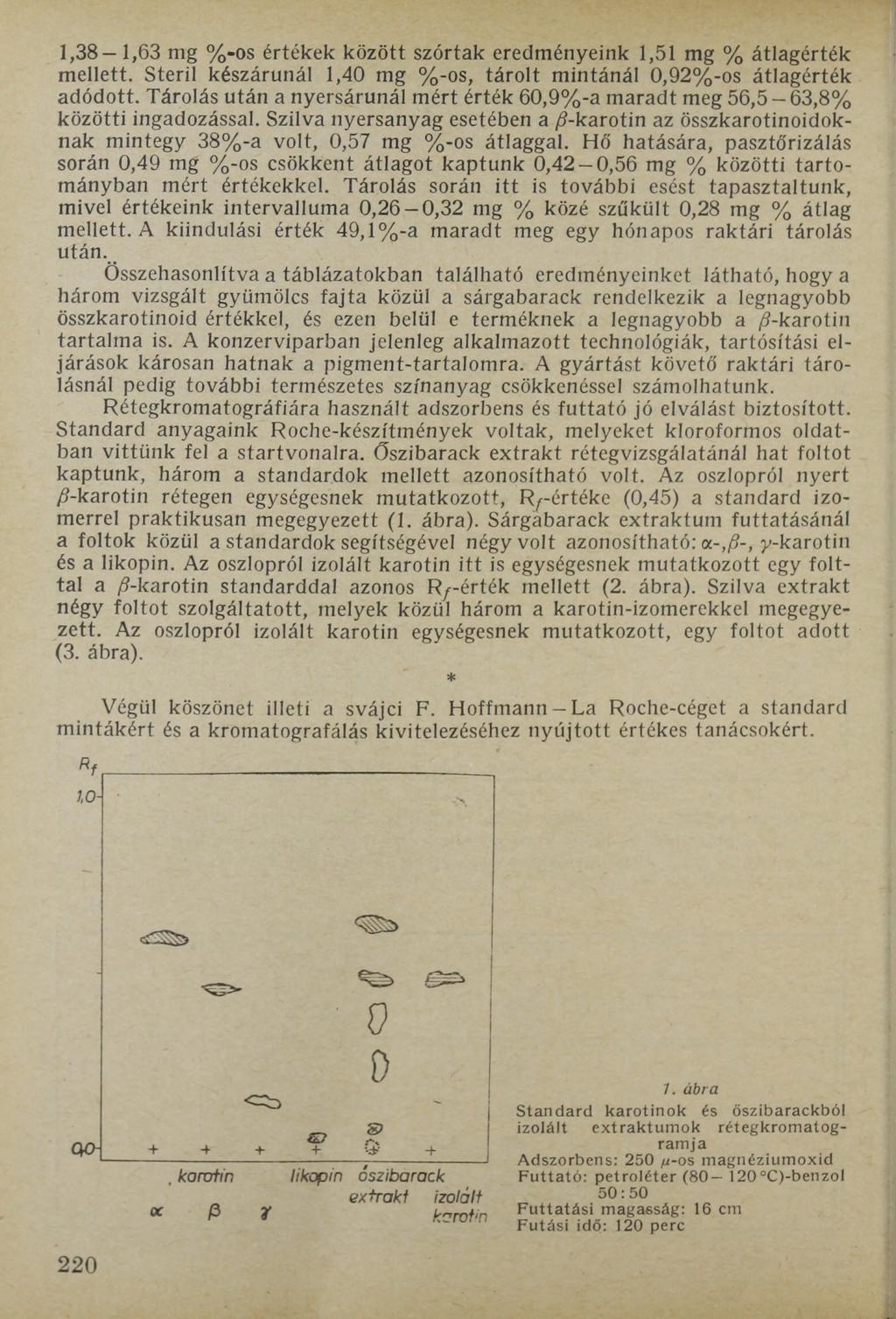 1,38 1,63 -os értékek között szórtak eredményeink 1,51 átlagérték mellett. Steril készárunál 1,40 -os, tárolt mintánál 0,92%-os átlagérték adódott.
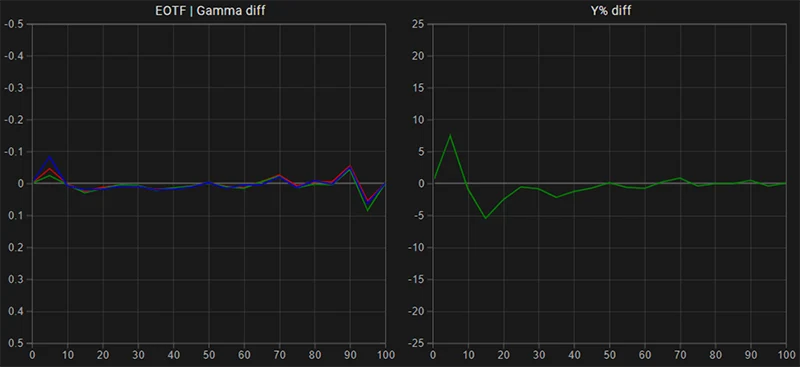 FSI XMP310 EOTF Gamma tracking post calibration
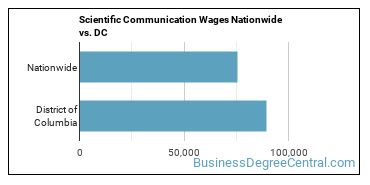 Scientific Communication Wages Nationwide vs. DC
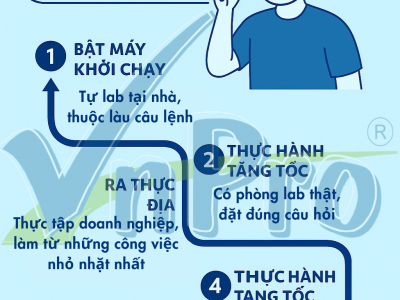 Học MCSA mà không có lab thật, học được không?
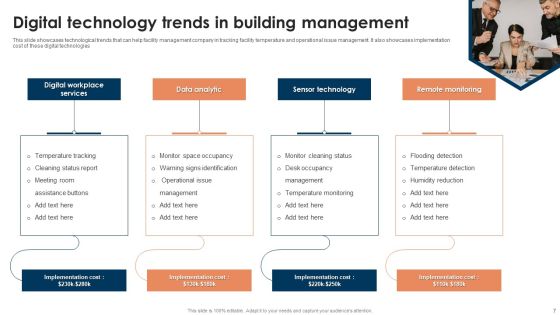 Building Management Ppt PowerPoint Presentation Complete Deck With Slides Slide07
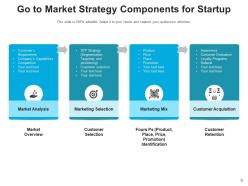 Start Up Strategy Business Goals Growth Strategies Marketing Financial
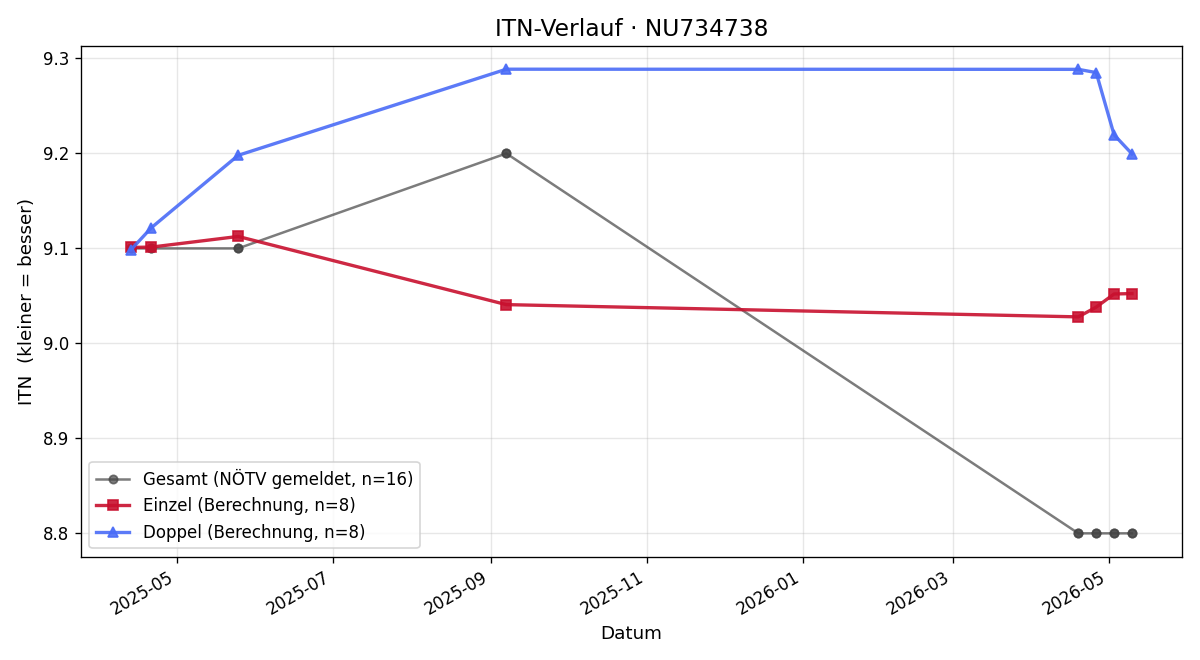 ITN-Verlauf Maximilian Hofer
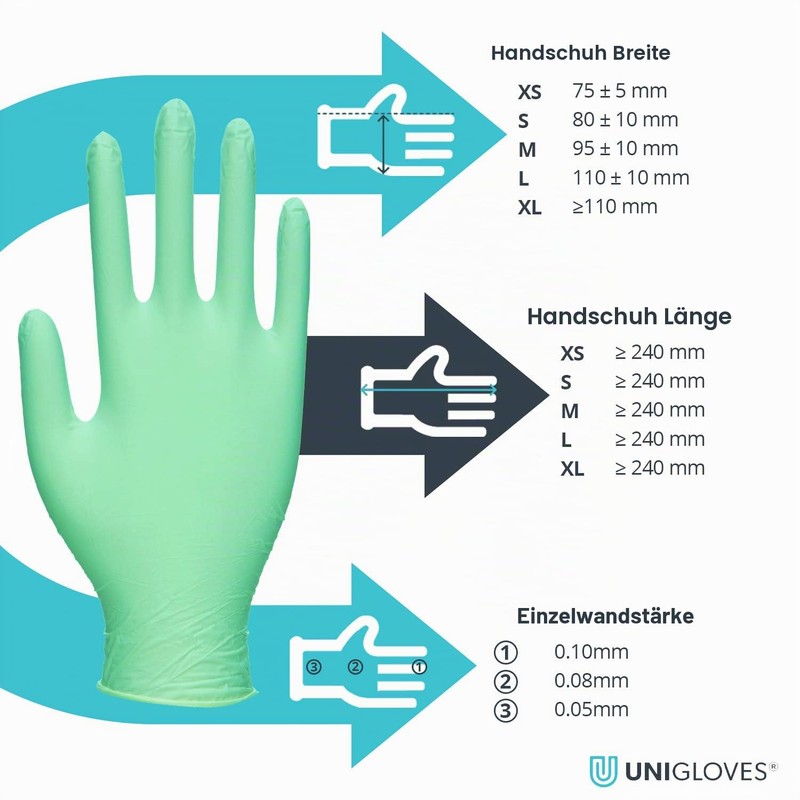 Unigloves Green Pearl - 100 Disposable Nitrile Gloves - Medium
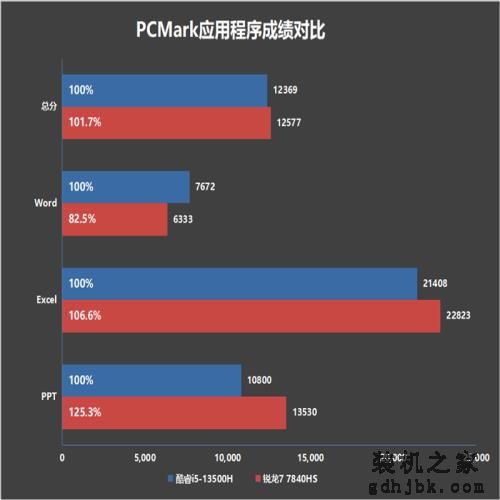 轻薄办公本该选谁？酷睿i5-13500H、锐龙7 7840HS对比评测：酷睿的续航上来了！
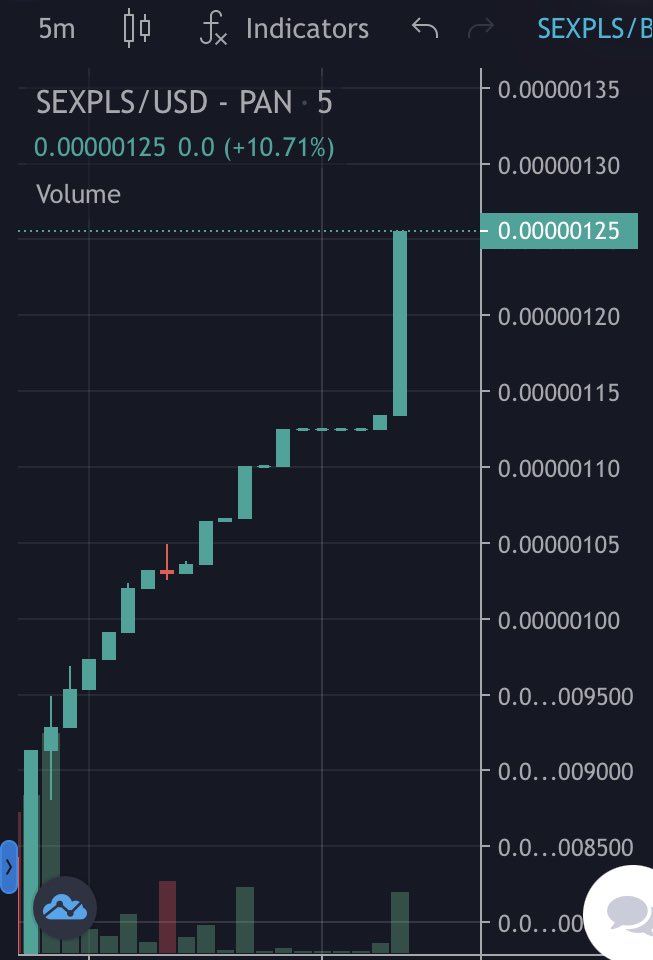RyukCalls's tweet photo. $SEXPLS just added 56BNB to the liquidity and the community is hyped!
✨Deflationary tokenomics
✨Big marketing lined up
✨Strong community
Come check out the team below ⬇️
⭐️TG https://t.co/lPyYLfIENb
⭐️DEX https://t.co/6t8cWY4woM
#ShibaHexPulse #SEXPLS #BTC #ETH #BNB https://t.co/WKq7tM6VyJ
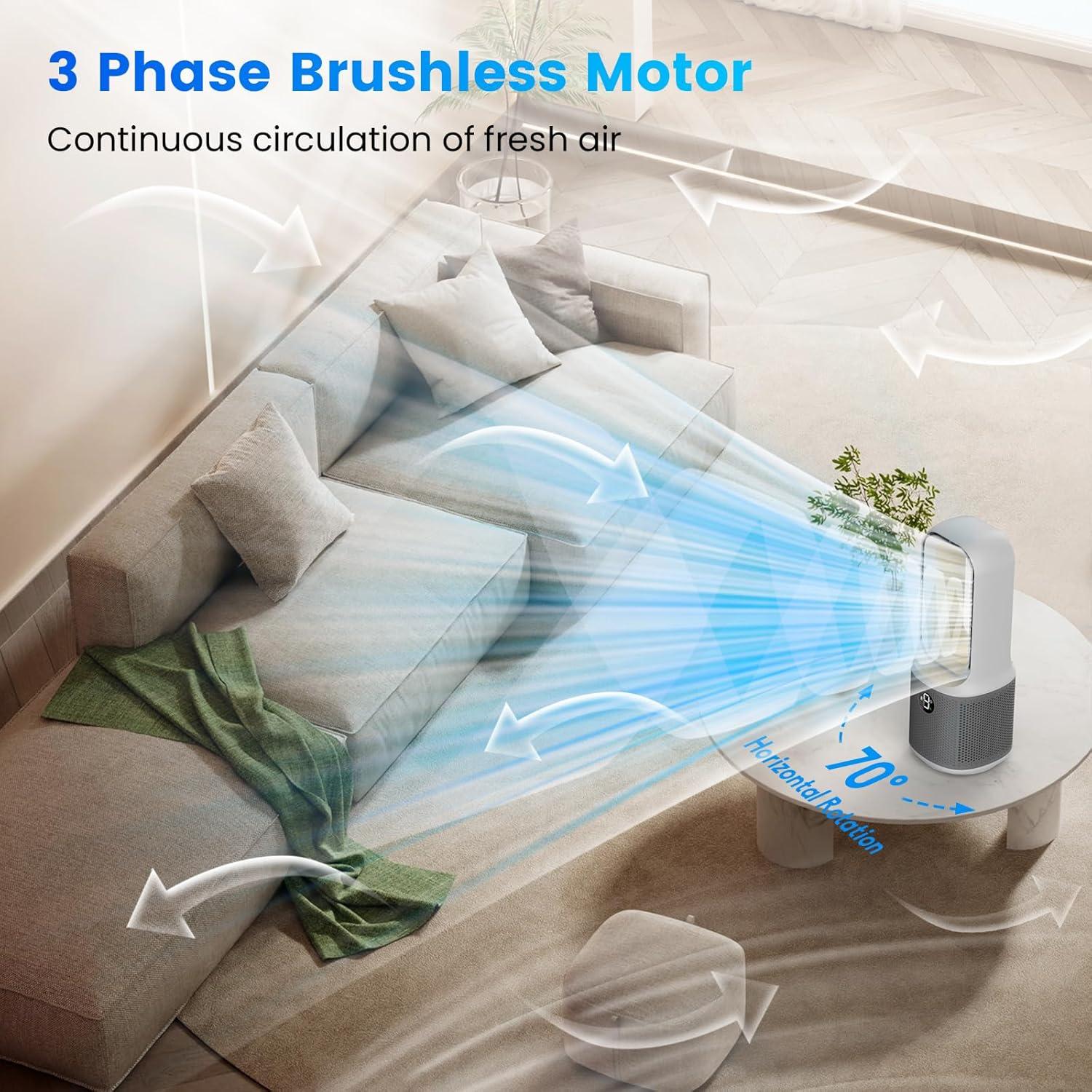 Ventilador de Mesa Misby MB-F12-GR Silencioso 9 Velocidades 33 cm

+++

Work to complete:
Whenever the word "https" turns up in a line of the listing above, copy the line.

Response:
⭐️TG https://t.co/lPyYLfIENb
⭐️DEX https://t.co/6t8cWY4woM
#ShibaHexPulse #SEXPLS #BTC #ETH #BNB https://t.co/WKq7tM6VyJ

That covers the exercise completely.